Cet article paru dans l'écho prouve au moins une chose : La Belgique existe ! Et elle existe suffisamment pour que nombre de ses politiciens fassent de la politique politicienne belge le cœur de leur activité. Cela doit vouloir dire que leur objectif n'est pas de vivre à New-York ou Singapour (ni même Londres ou Berlin!).L'égaré des Pouilles "le plus aguerri des négociateurs" n'est pas dans ce cas. Dame, la définition de "l'international", c'est juste un type qui fait chier la terre entière en se vendant au plus offrant... susceptible de faire bombarder sa terre d'origine armé jusqu'aux dents depuis une enclave cosmopolite réunissant un ramassis d'aigris au service du premier impérialisme qui passe par-là : cela s'appelle la mondialisation.

"Mais, en fait, vous discutez avec votre opposition, là? On retrouve toujours les mêmes personnes et interlocuteurs partout dans votre pays?" s'étonne le pied-tendre. Manque une répartie : "Ben oui Du Con, on habite ici nous, l'UE ça rapporte des tunes, mais sinon on s'en branle. Elle peut bien disparaître, depuis 1830 on a une petite rente car c'est nous qui accordons le concert des Nations neuneues qui se croient seules au monde, peut bien arriver n'importe quoi, le cabinet de conseil belge ne fermera pas pour autant ! Alors évidemment, on a quelques neuneux comme Van Rompuy à qui ça permet de se croire chefs d’État... Mais ceci n'est pas un Président, comme dirait Magritte..."
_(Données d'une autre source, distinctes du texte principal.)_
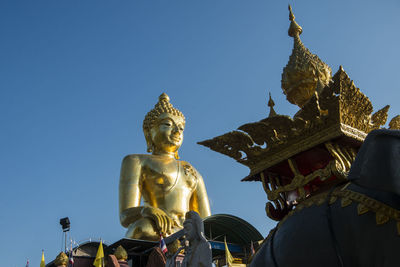 Low angle view of statue against temple against clear sky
Ceci pour dire qu'il ne faut pas non plus trop compter sur un champ politique national largement autonome de la demande sociale pour "entendre" les râles et les plaintes d'une population en voie d'immolation. Tout au plus, les protestations de la "société civile" fournissent-elles des "éléments de langage" à une nouvelle génération de politiques tout aussi rouée que la précédente, et entièrement concentrée sur la conquête et la préservation du pouvoir. Il n'y a pas de "débouché politique", ou plutôt, comme toute l'expérience des mouvements sociaux le démontre, toute stratégie du "débouché politique" se fait au détriment des luttes, transformées en capital symbolique pur générant la croyance, seule la musique circulant à défaut des paroles, que tout sophiste peut donc fredonner... Dans une telle conjoncture, il faut renverser la table. Par un acte de souveraineté populaire. Qui ne peut être que la sortie des traités européens. Car tout "processus constituant" est un leurre dès lors que la Constitution, ce sont les traités européens...
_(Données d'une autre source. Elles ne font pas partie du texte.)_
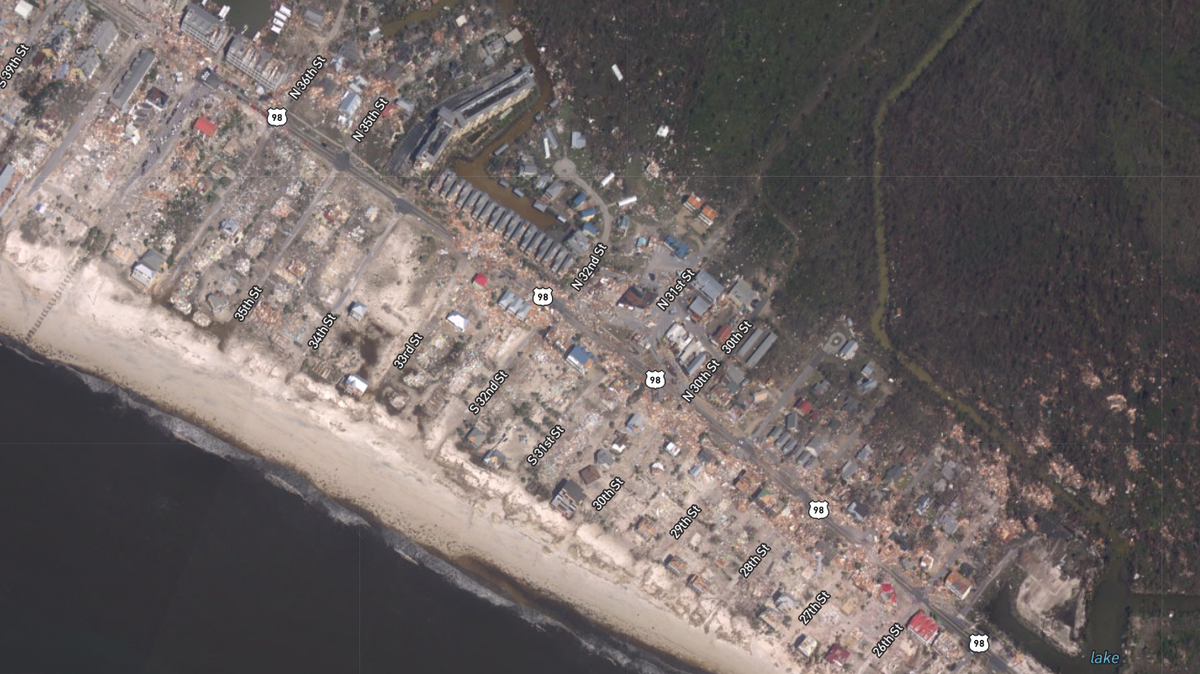 A satellite image taken Thursday by the National Oceanic and Atmospheric Administration after Hurricane Michael made landfall near Mexico Beach, the first Cat 4 storm on record to hit the Panhandle, shows block after block of rubble and flattened homes. Source: NOAA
Le Concierge (très laborieusement réécrit plusieurs fois, avec mes excuses...)

Ils sont venus, ils sont tous là. Ce mercredi matin, sur le coup des 10h30, c’est à l’Université libre de Bruxelles que cela se passe. Le grand auditoire de l’Alma Mater est d’ailleurs trop exigu pour contenir tout ce beau monde. Ils sont venus assister au départ du ministre d’État Roger Lallemand. Il y a là, entre autres, le Premier ministre Charles Michel, assis aux côtés du président de la Chambre Siegfried Bracke. Didier Reynders et Paul Magnette sont là, également. Un rang plus loin encore, assis côte à côte, les deux ex-Premiers ministres Elio Di Rupo et Guy Verhofstadt. Ce dernier se fend d’ailleurs d’un fort joli discours où il fait notamment l’éloge du vin italien. "Une parenthèse dans ces négociations de brutes", décrit un participant, la larme à l’œil.

Ah, vous avez dit "négociations"? Reprenons avec ordre et méthode – là où nous avions laissé Paul "Wallonix" Magnette et son "non" au traité entre le Canada et l’Europe.
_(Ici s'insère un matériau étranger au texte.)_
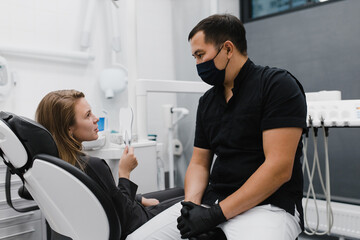 Diverse dentist and patient talking during appointment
Mauro Petriccione dans le chaudron belge

Dans la salle du Palais d’Egmont, le mardi soir, une flopée d’éminences ont été réunies autour du ministre des Affaires étrangères Didier Reynders. Magnette, Demotte, Vervoort, côté socialiste. Prévot, Greoli, Fremault, coté centriste. Ajoutez, pour la forme, le ministre-président flamand Geert Bourgeois. "Ça nous a quand même fait doucement rire, dit un ministre. Bourgeois n’arrêtait pas de s’inquiéter pour les dommages causés à l’image de la Belgique." De la part d’un nationaliste flamand, en effet, c’est cadeau. Bref, parmi cet aréopage de belgo-belges, il y en a un qui écarquille les yeux. Comme des soucoupes. Il s’appelle Mauro Petriccione. Cet Italien, originaire des Pouilles, est le négociateur en chef de la Commission européenne sur le Ceta. Il a déjà à son actif d’avoir bouclé un traité similaire avec le Vietnam, bref, il n’en est pas à son coup d’essai. "C’est un as", résume un diplomate. Voilà pourtant Mauro Petriccione dans le chaudron belge et même pour le plus aguerri des négociateurs, lui qu’on décrit comme habituellement "d’un calme olympien", cela peut avoir des effets secondaires. Ainsi l’entend-on glisser à Didier Reynders: "Mais, en fait, vous discutez avec votre opposition, là? On retrouve toujours les mêmes personnes et interlocuteurs partout dans votre pays?" Bienvenue en Belgique.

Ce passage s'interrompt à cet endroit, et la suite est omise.